• BRIEF: Print the records below word for word, but leave out the pictures.

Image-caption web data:

------------------------------------

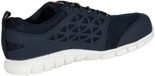 Reebok Work Reebok Excel Light 1030 S1P Werkschoen - Mannen - Navy - 42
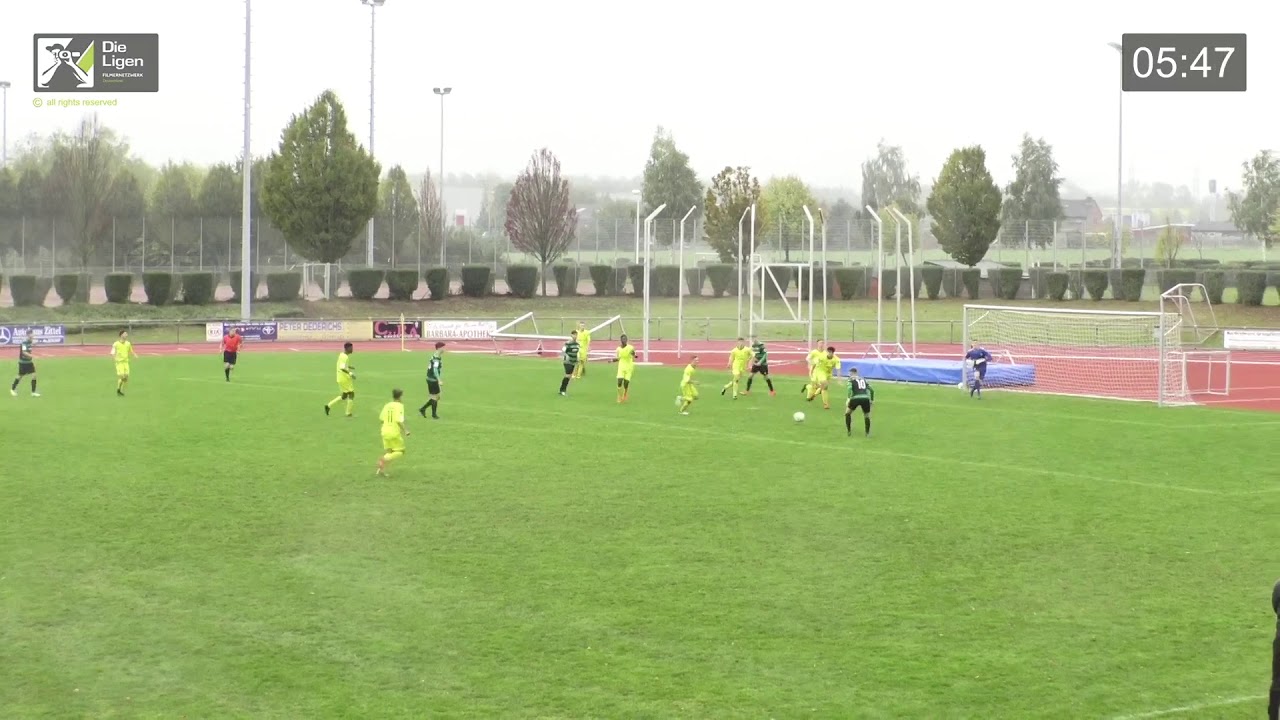 Voetbal CV Jelle Zupancic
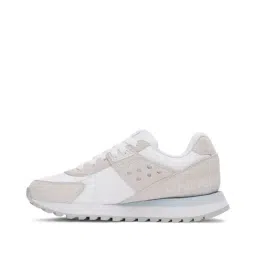 UNDER ARMOUR Women's Essential White Running Shoes image 3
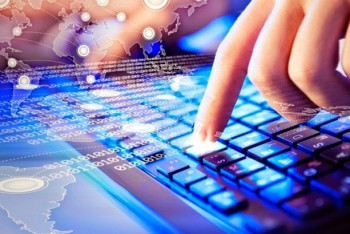 Фотография к новости: Казахстанской цифровизацией заинтересовались в Беларуси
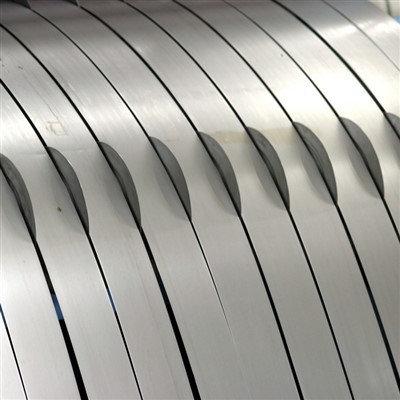 2mm Stainless Steel Strip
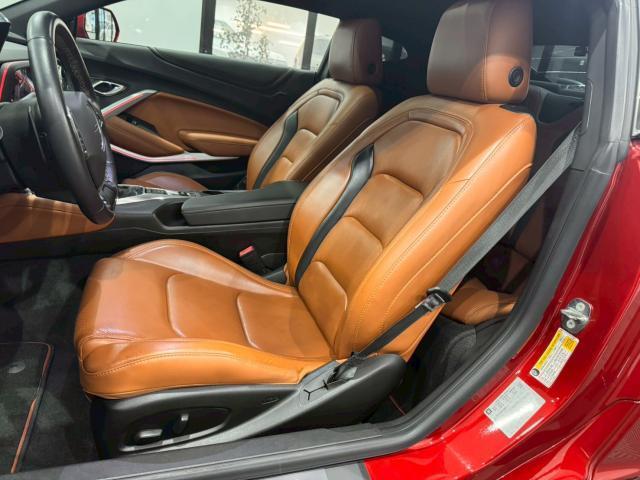 Ref:AUX-25152470 CHEVROLET CHEVROLET CAMARO 2017 19 Ref:AUX-25152470 CHEVROLET CHEVROLET CAMARO 2017 - Image 19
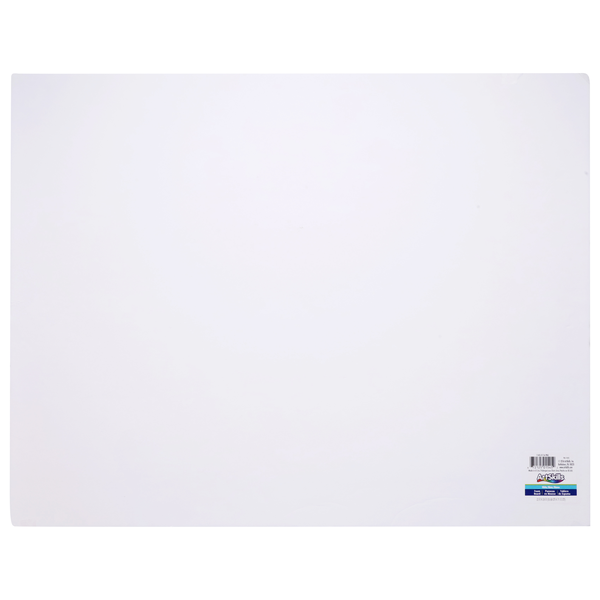 ArtSkills Poster Board Foam White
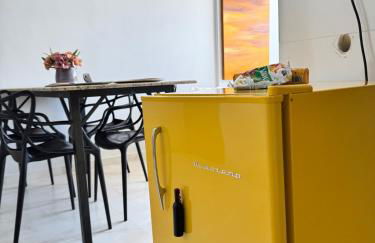 Apartamento na Orla da graciosa - Quarto de casal - Beliche sob demanda - Até 4 hospedes - Photo 23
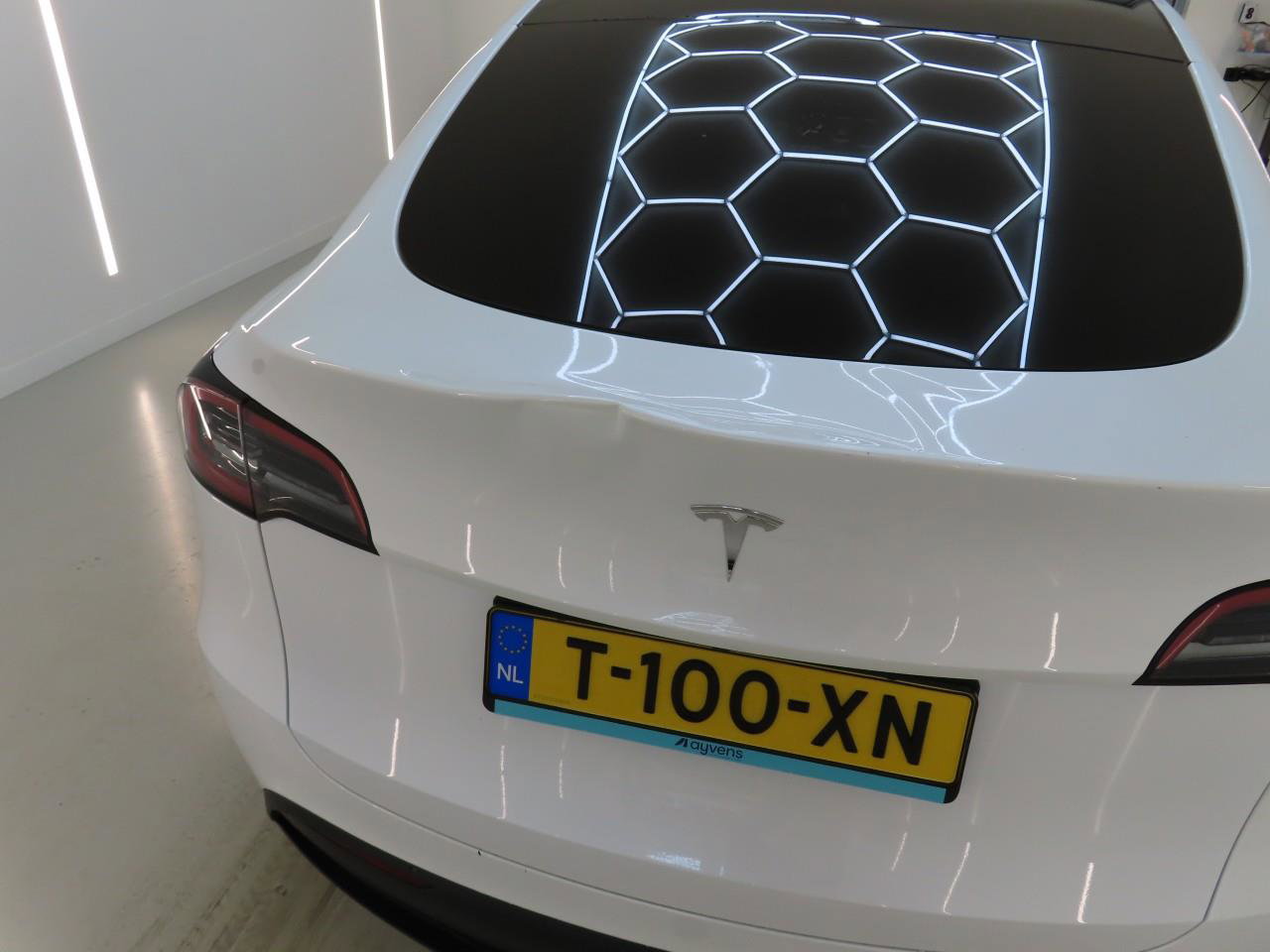 Tesla Model Y Standard RWD Plus 351pk 92.2% SoH AMD RYZEN [ TREKHAAK+LFP ACCU+AUTOPILOT+19 INCH+PREMIUM AUDIO ] 3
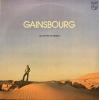 Gainsbourg aux armes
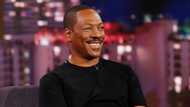 Veteran actor Eddie Murphy to go back to stand up comedy after pandemic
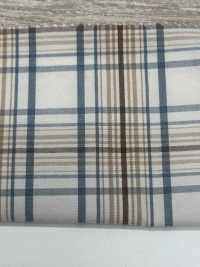 14375 40 Single Thread Cotton Typewritter Cloth Washer Processing[Textile / Fabric] SUNWELL Sub Photo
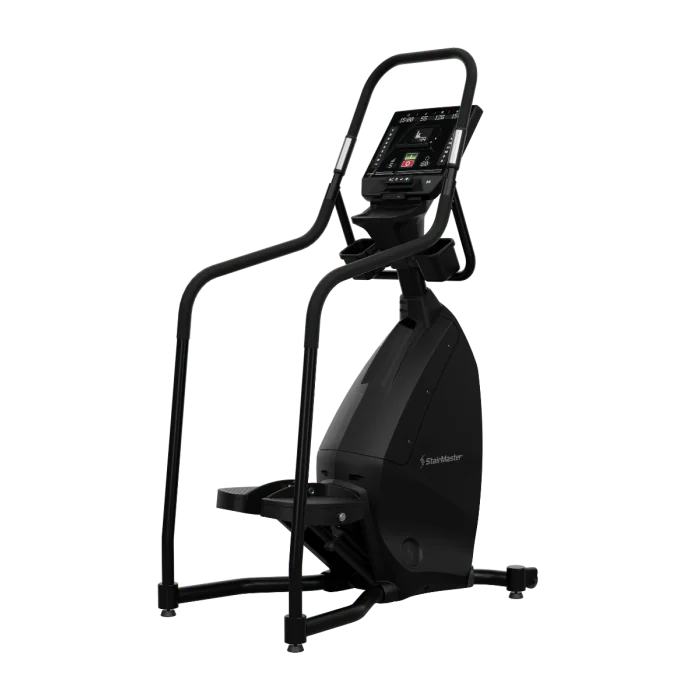 StairMaster 8-Series Commercial Free Climber w/ LCD- New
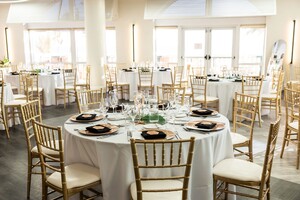 Captiva Ballroom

------------------------------------

• OUTPUT BELOW:
 Reebok Work Reebok Excel Light 1030 S1P Werkschoen - Mannen - Navy - 42
 Voetbal CV Jelle Zupancic
 UNDER ARMOUR Women's Essential White Running Shoes image 3
 Фотография к новости: Казахстанской цифровизацией заинтересовались в Беларуси
 2mm Stainless Steel Strip
 Ref:AUX-25152470 CHEVROLET CHEVROLET CAMARO 2017 19 Ref:AUX-25152470 CHEVROLET CHEVROLET CAMARO 2017 - Image 19
 ArtSkills Poster Board Foam White
 Apartamento na Orla da graciosa - Quarto de casal - Beliche sob demanda - Até 4 hospedes - Photo 23
 Tesla Model Y Standard RWD Plus 351pk 92.2% SoH AMD RYZEN [ TREKHAAK+LFP ACCU+AUTOPILOT+19 INCH+PREMIUM AUDIO ] 3
 Gainsbourg aux armes
 Veteran actor Eddie Murphy to go back to stand up comedy after pandemic
 14375 40 Single Thread Cotton Typewritter Cloth Washer Processing[Textile / Fabric] SUNWELL Sub Photo
 StairMaster 8-Series Commercial Free Climber w/ LCD- New
 Captiva Ballroom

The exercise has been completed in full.